Matthieu Moy Matthieu.Moy at imag.fr
Sat Sep 9 19:34:35 UTC 2006


jeffpc at josefsipek.net (Josef "Jeff" Sipek) writes:

> On Sat, Sep 09, 2006 at 09:57:56AM -0500, Matt Mackall wrote:
>> Even git only uses one bit of the mode it stores.
>
> Hrm. You are right.
>
>> With good reason - there are security concerns. Instead we follow the
>> normal UNIX umask conventions.
>  
> Alright.

Indeed, GNU Arch stores more that the 'x' bit. I've never found it
useful for my own use, but it has many times given me troubles.

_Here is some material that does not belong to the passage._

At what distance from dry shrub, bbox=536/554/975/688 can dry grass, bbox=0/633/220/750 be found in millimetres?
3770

Regarding _your_ permissions, the cases where you want to prevent
yourself from reading/writting on a file are rare. Regarding the
"group" part, it's 100% site-specific, since people will have
different groups on different hosts where they checkout, and for the
"other" part, the policy is also site-specific. If you develop free
software or if you trust other users, you'll want to give the "read"
permission to everybody. But having someone who don't trust other
users and someone who does working together with a RCS that sets those
bits is a mess.

And yes, the security risk is there. I already found some
world-writable files in a GNU Arch project.

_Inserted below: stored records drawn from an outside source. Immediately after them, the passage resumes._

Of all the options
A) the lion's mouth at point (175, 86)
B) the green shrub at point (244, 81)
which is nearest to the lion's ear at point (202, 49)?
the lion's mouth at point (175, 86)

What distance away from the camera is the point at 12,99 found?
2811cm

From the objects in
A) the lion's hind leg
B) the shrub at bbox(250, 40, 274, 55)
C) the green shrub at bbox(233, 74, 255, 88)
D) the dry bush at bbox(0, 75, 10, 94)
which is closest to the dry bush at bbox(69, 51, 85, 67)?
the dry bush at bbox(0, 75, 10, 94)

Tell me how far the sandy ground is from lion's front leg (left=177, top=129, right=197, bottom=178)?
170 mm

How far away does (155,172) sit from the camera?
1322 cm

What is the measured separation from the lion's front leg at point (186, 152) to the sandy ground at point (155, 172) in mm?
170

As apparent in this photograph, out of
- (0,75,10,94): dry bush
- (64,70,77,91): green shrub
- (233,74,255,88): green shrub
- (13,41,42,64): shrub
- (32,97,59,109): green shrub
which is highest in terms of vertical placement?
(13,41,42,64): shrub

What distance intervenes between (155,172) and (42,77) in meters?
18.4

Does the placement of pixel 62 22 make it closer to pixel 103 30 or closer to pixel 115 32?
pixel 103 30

That said, it can be useful on 0.01% (?) of cases, and I'll take once
more the example of GNU Arch: a user wanted to version-control / on
several machines (not just for backup, but also to merge changes from
a machine to another), and an option has been added to track all the
bits (sticky bit, suid, ...), the group name and all, but obviously,
it's disabled by default. I'm not sure this has actually been used by
anyone finally.

> In what way? The only thing I can think of is accidental creation of cycles
> in the working dir. (I know someone who messed his SVN repo up with a
> symlink to '.'.) But if care is taken for hg to never follow links
> everything should be fine.

If you follow symbolic links, you have another problem which is that a
symlink can point outside your tree. Security concern here too:
things like merging could then write outside the tree (and therefore
to an arbitrary location).

Tracking the target of symlinks is OTOH something I find useful, and
seems not too problematic. I'm versionning my ~/bin/ with bzr, it
contains mostly a few home-made scripts and some symlinks (typically
to chose between several versions of a software on the system), and
it's convenient to manage multiple machines.